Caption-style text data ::

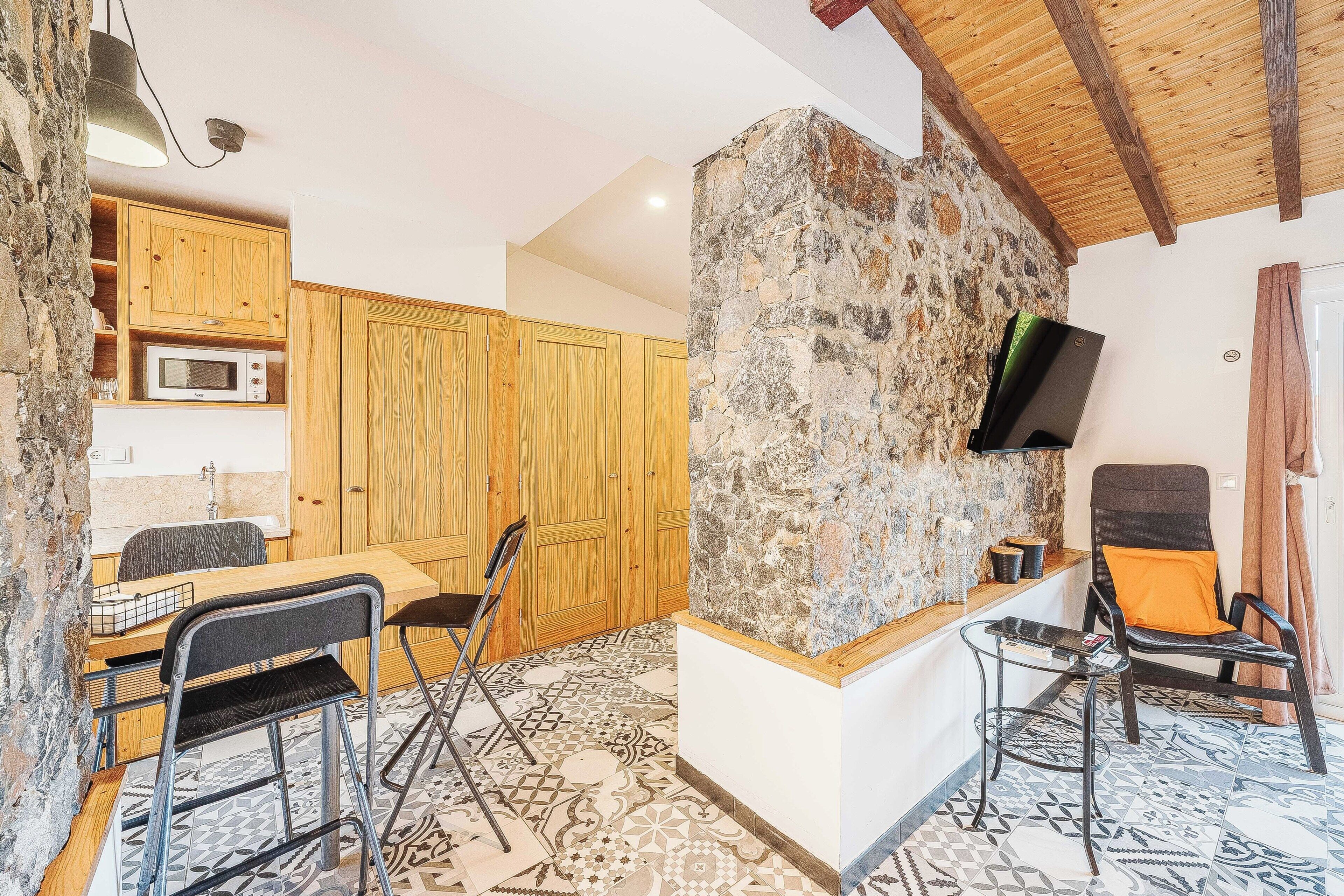 Une cuisine avec des meubles en bois, un mur décoratif en pierre, un téléviseur à écran plat et un coin repas avec des chaises et une table.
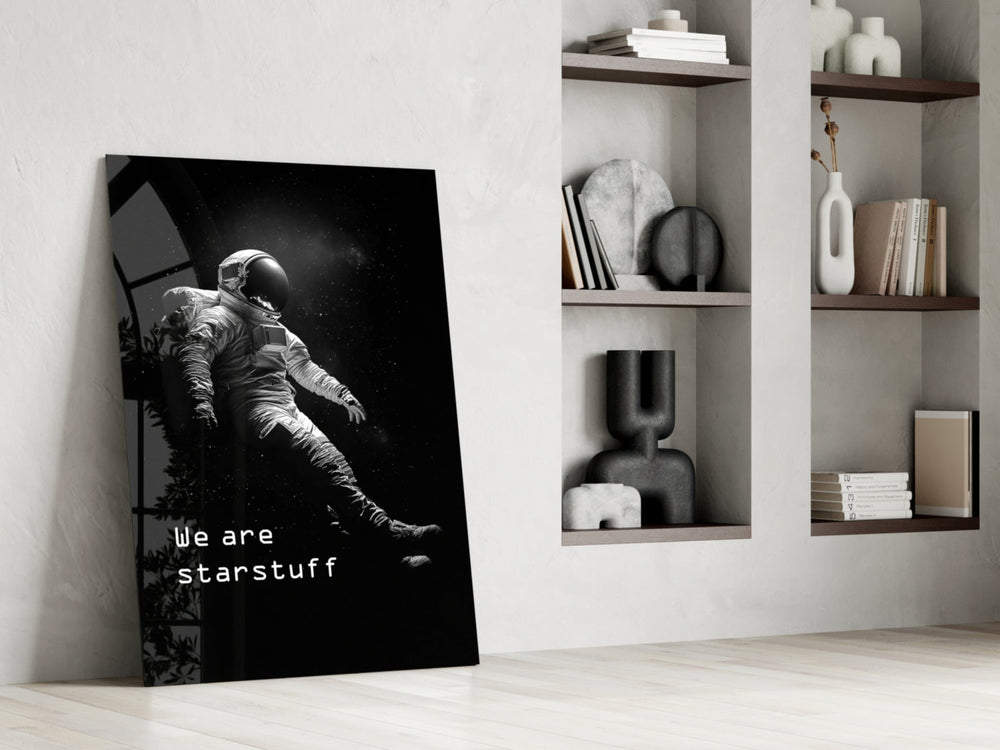 Astronaut panel against a moody dark-painted accent wall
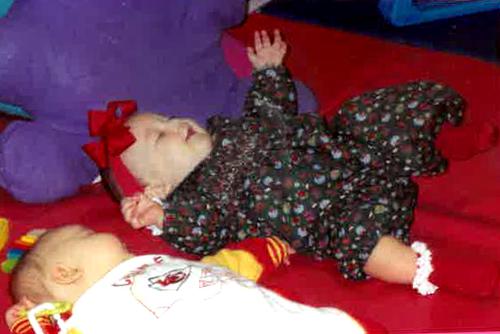 Alyssa playing on the floor as a baby in the USYC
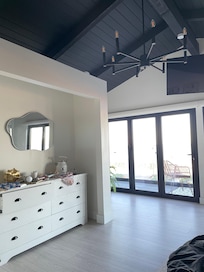 Amenities in main bedroom which include hot water kettle, mini frig, coffee, tea and cookies.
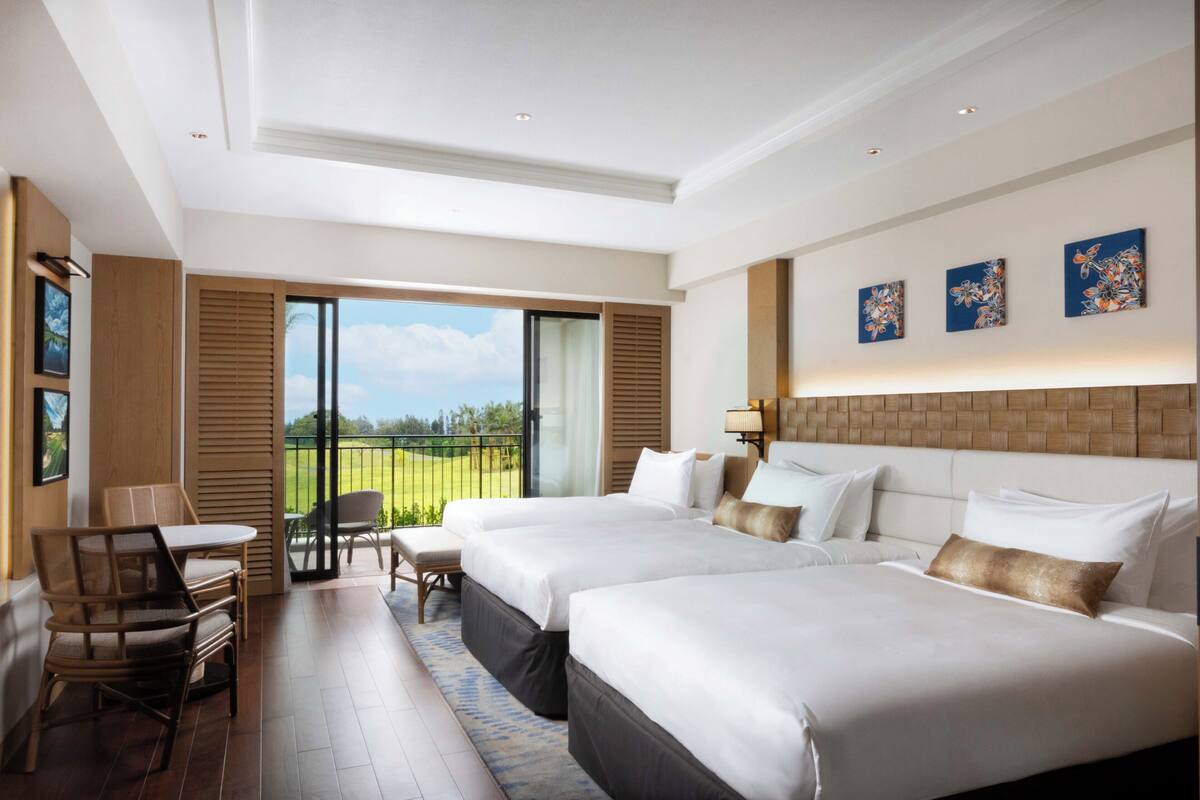 A hotel room with two beds, a balcony, a dining area with chairs, and artwork on the walls.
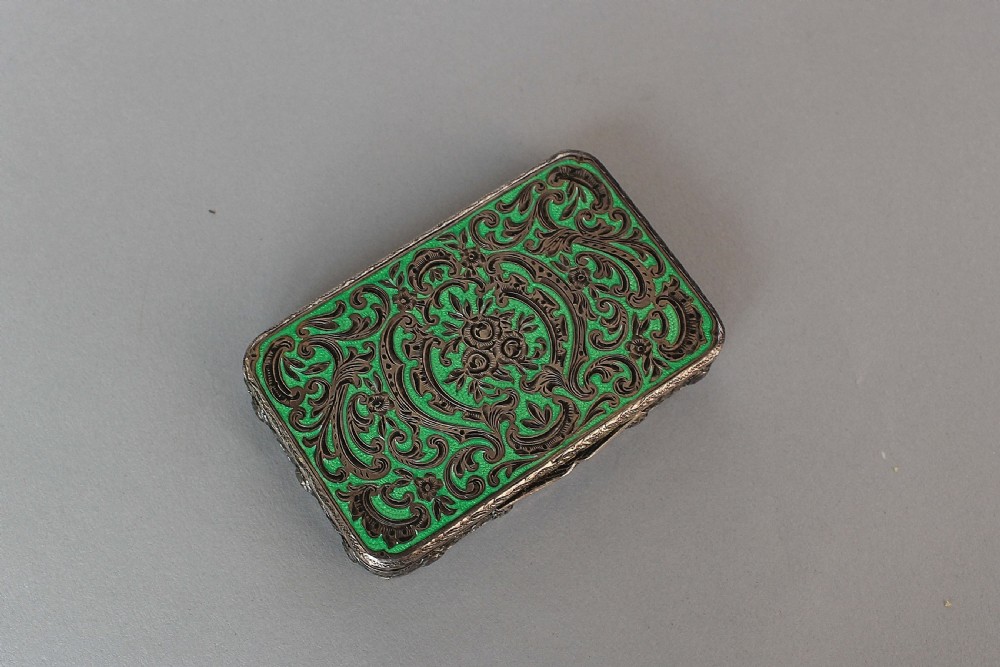 A small rectangular silver box featuring ornate foliate scrollwork overlaid upon a vibrant green engine-turned enamel surface.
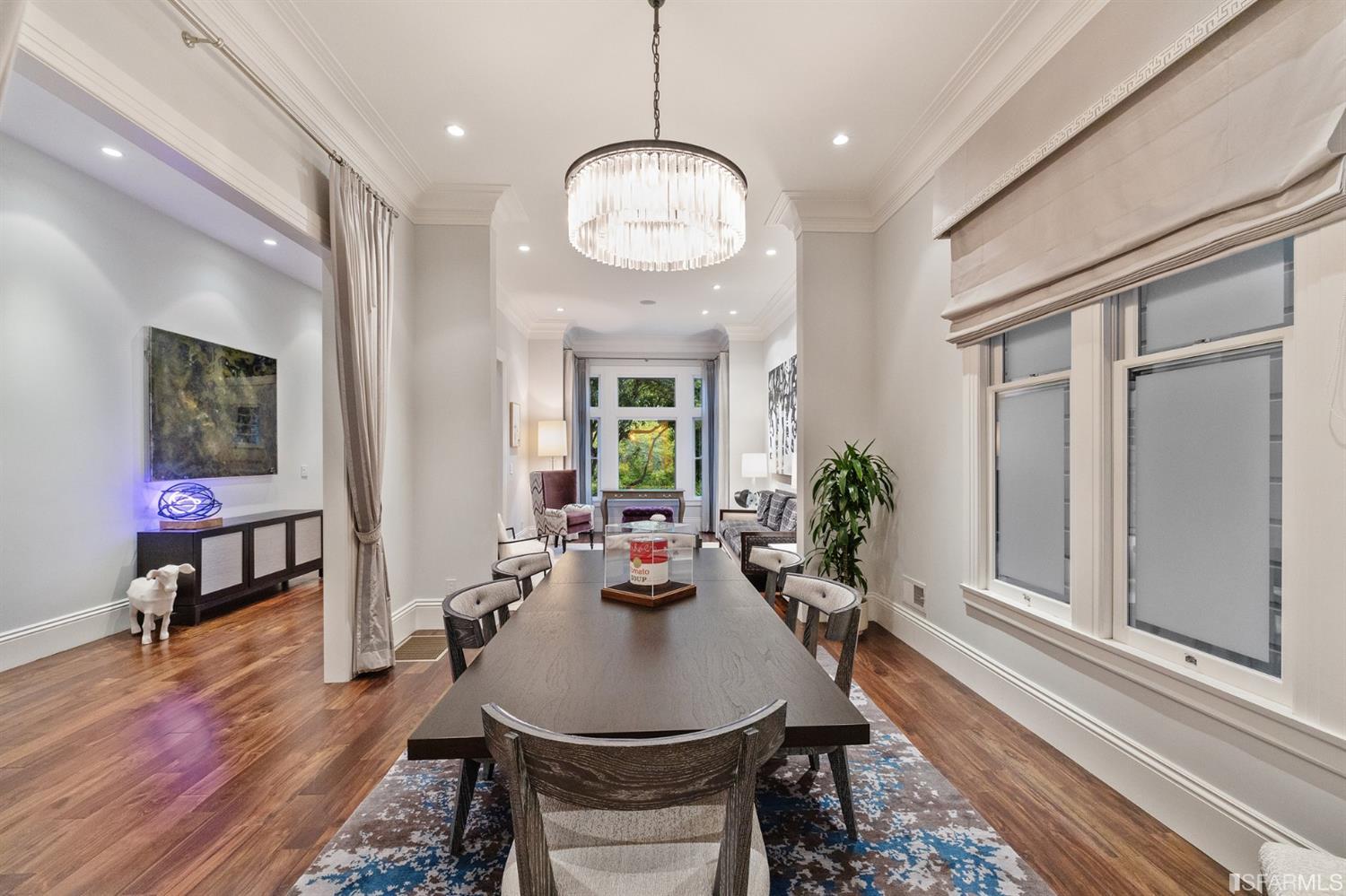 Clay Street San Francisco, CA 94115 - Photo 10 of 90 The dining room is open to the living and family room. Curtains can be pulled for a more cozy dining experience.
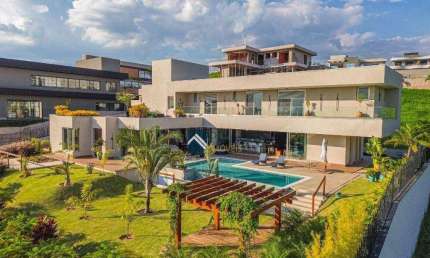 Casa com 4 dormitórios à venda, 646 m² por R$ 9.870.000 - Condomínio Campo de Toscana - Vinhedo/SP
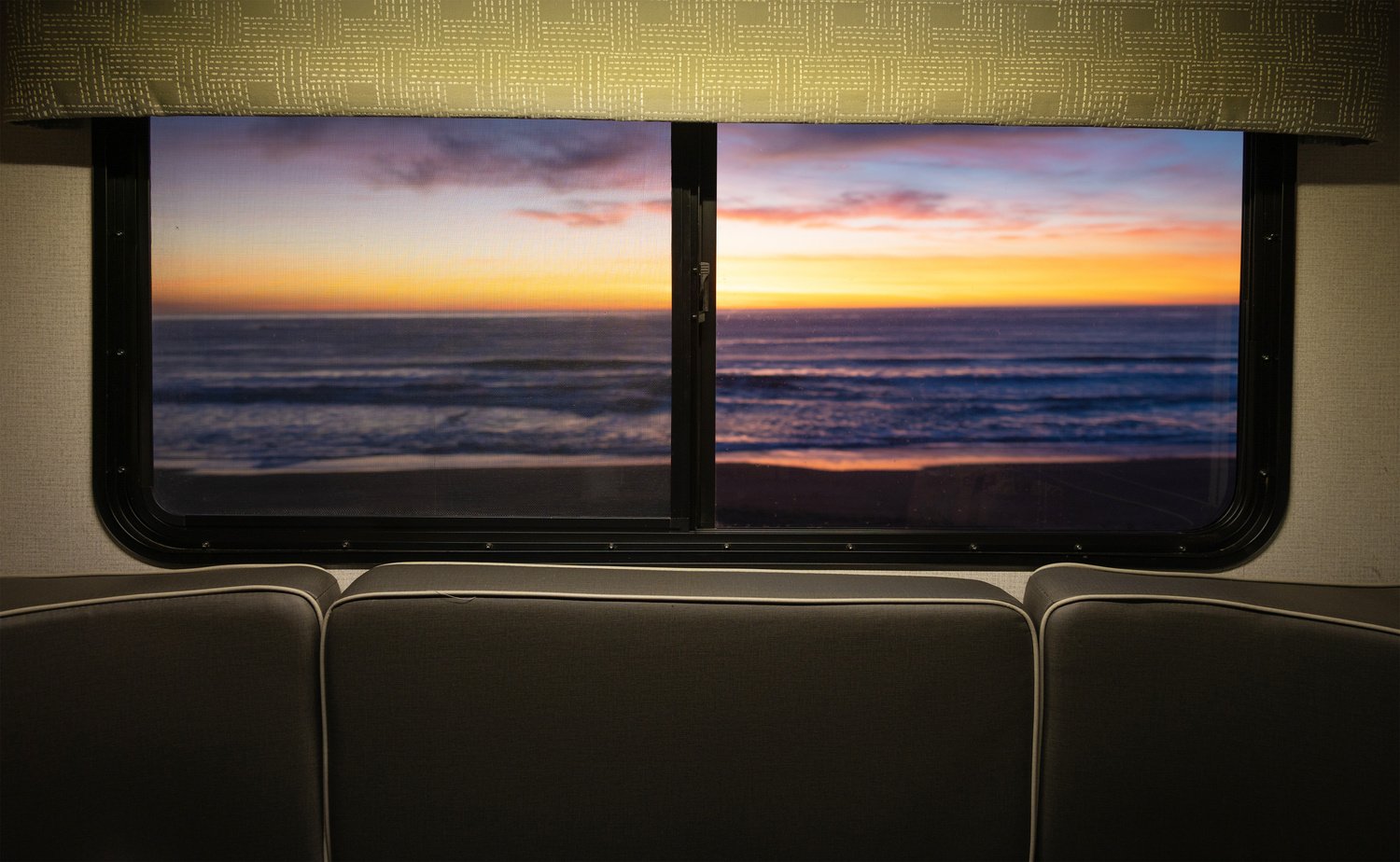 Scenic Ocean Sunset through Motor Home RV Window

What the exercise asks :: Nothing but the lines above from the one that has "Alyssa playing on" down to the one that has "Casa com 4 dormitórios" belongs in the answer, copied exactly, without pictures.

Expected answer ::
 Alyssa playing on the floor as a baby in the USYC
 Amenities in main bedroom which include hot water kettle, mini frig, coffee, tea and cookies.
 A hotel room with two beds, a balcony, a dining area with chairs, and artwork on the walls.
 A small rectangular silver box featuring ornate foliate scrollwork overlaid upon a vibrant green engine-turned enamel surface.
 Clay Street San Francisco, CA 94115 - Photo 10 of 90 The dining room is open to the living and family room. Curtains can be pulled for a more cozy dining experience.
 Casa com 4 dormitórios à venda, 646 m² por R$ 9.870.000 - Condomínio Campo de Toscana - Vinhedo/SP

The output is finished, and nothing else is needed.